• **Assignment**:
All lines from the one that contains "Sexiest Eugen Thiess" to the end of the data must be retyped exactly. Pictures are not retyped.

• **Data provided**:
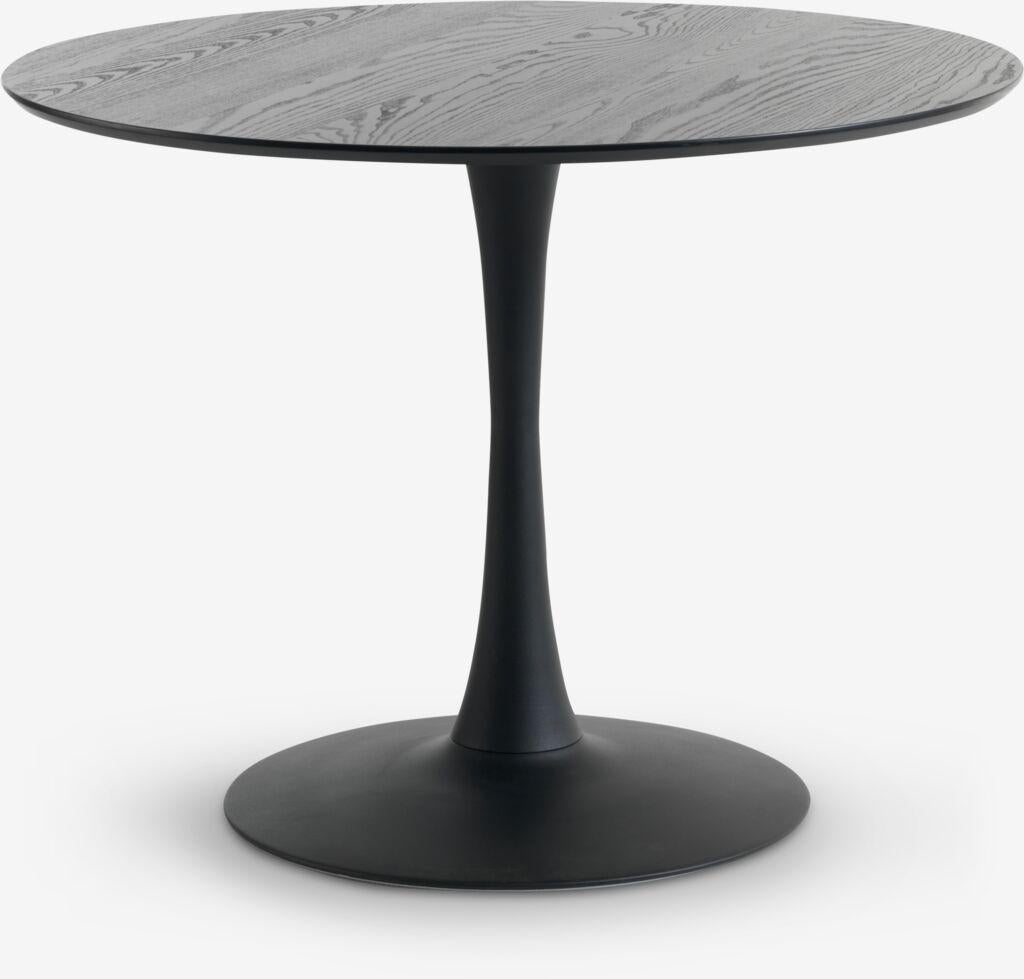 Ronde tafel JYSK, Ophalen, Zo goed als nieuw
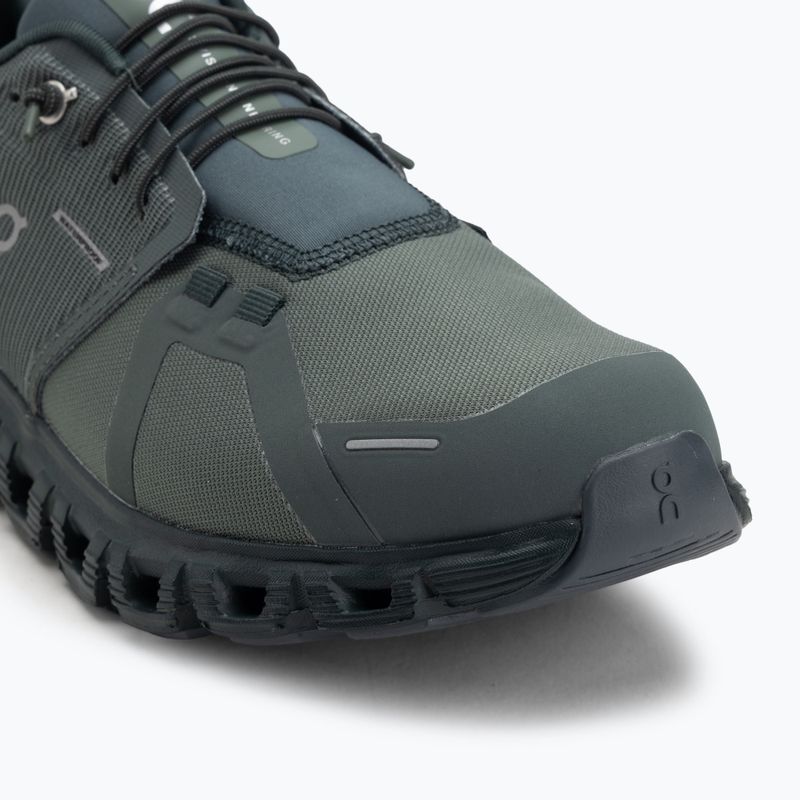 Herren Schuhe On Cloud 6 WP olive/evergreen 7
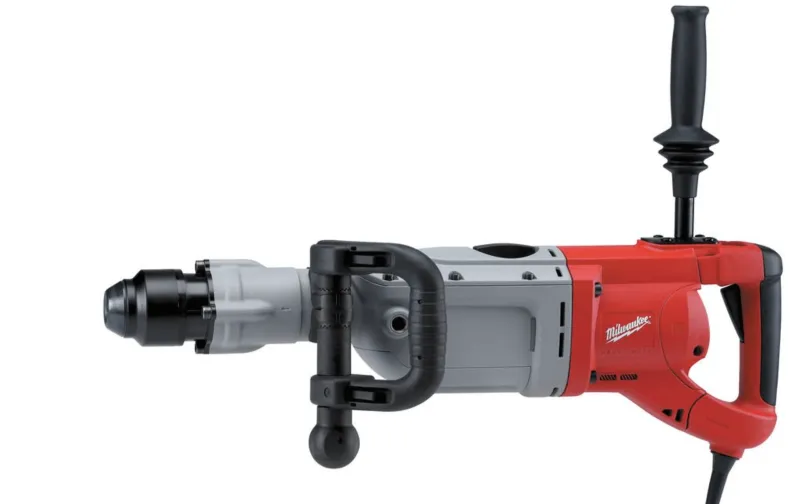 Kombihammer K950S von Milwaukee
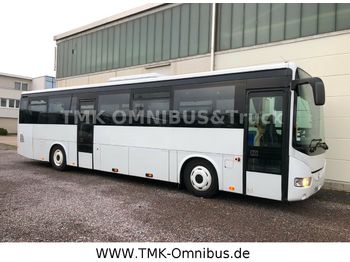 Streekbus Iveco SFR160/Arway/ neuer Motor 236000/Klima /Euro4: afbeelding 1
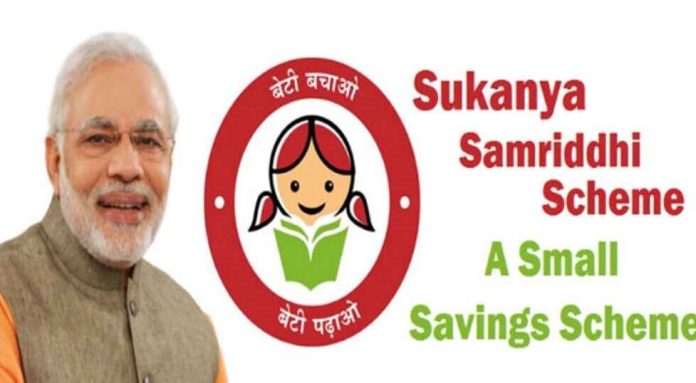 Sukanya Samriddhi Yojana: Benefits of the scheme, interest rate, age limit, plan, online form, know all the details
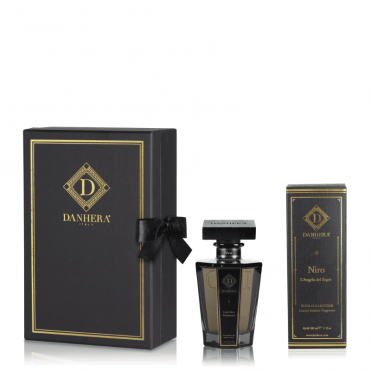 Coffret Cadeau II - NIRO
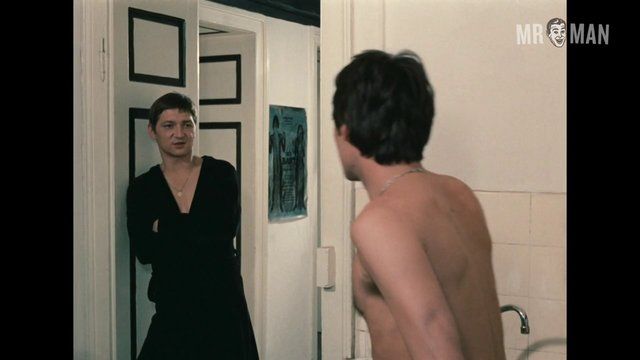 Sexiest Eugen Thiess Scenes. Sexy, Shirtless. 18226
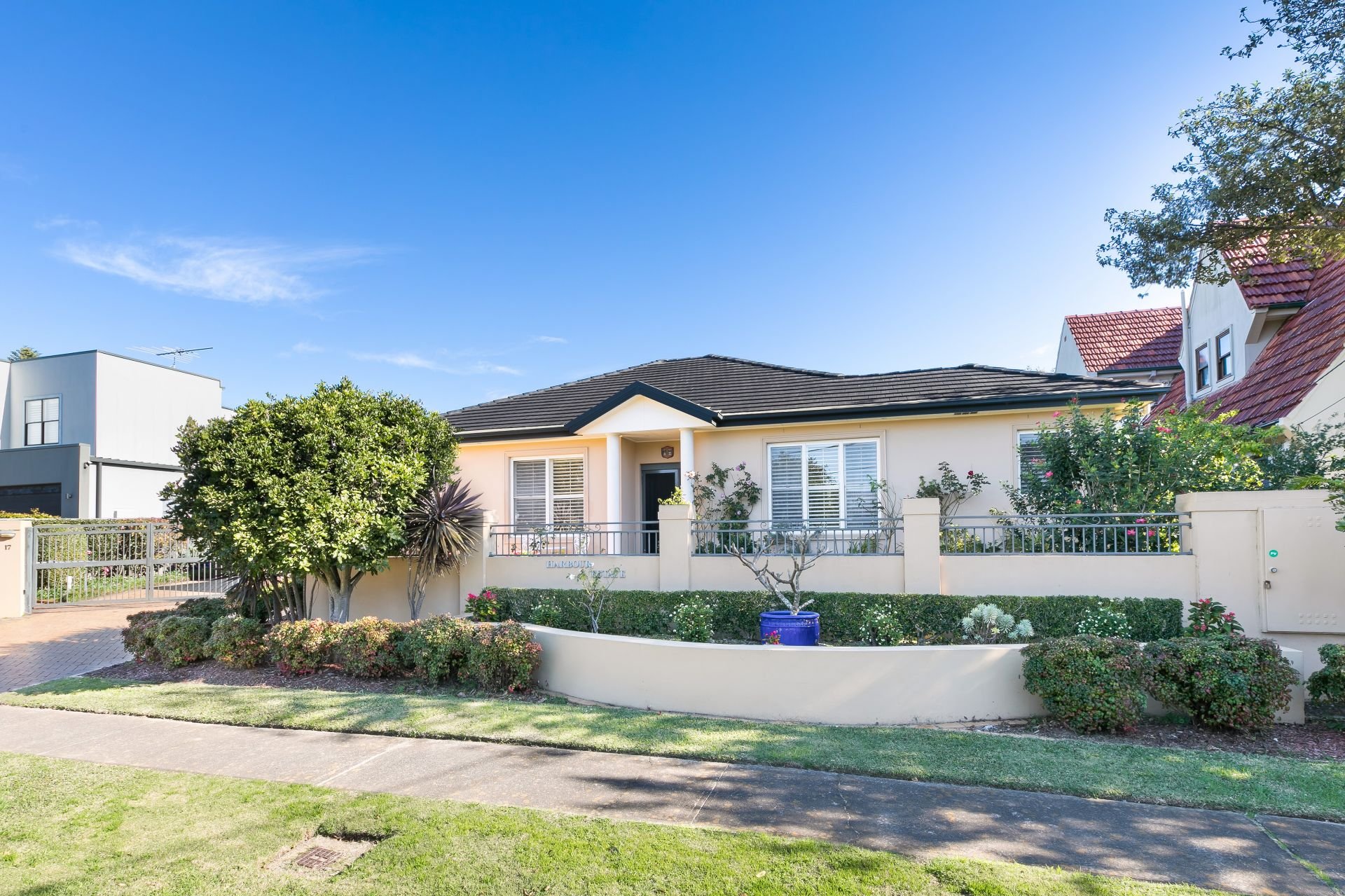 1/17 Harbour Street, Cronulla Gibson Partners Real Estate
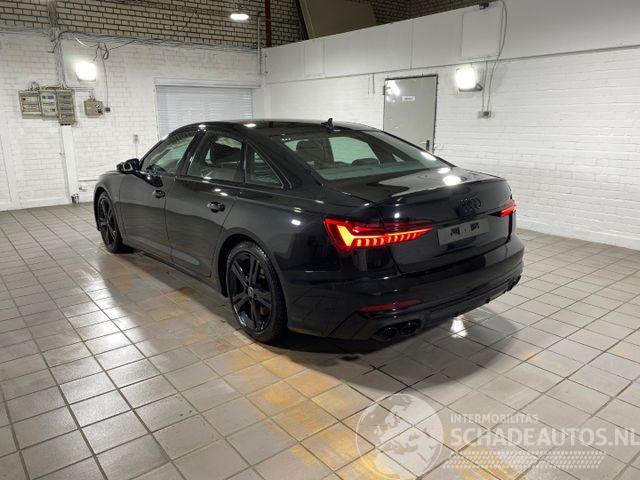 Audi S6 Limousine 3.0 TDI quattro HUD/360/B&O/NAVI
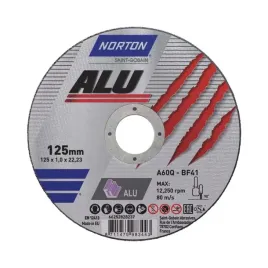 tarcza-norton-a60q-bf41-do-ciecia-aluminium-125x10mm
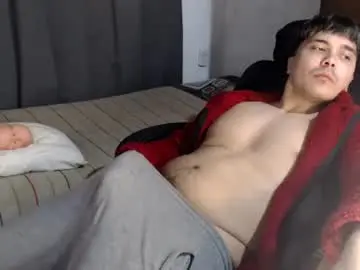 Chaturbate Sex Chat of alexriversx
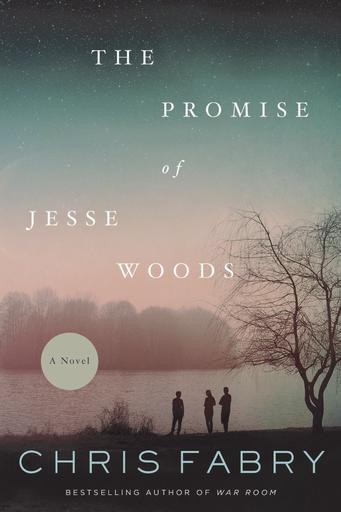 The Promise of Jesse Woods by Chris Fabry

• **Exercise answer**:
 Sexiest Eugen Thiess Scenes. Sexy, Shirtless. 18226
 1/17 Harbour Street, Cronulla Gibson Partners Real Estate
 Audi S6 Limousine 3.0 TDI quattro HUD/360/B&O/NAVI
 tarcza-norton-a60q-bf41-do-ciecia-aluminium-125x10mm
 Chaturbate Sex Chat of alexriversx
 The Promise of Jesse Woods by Chris Fabry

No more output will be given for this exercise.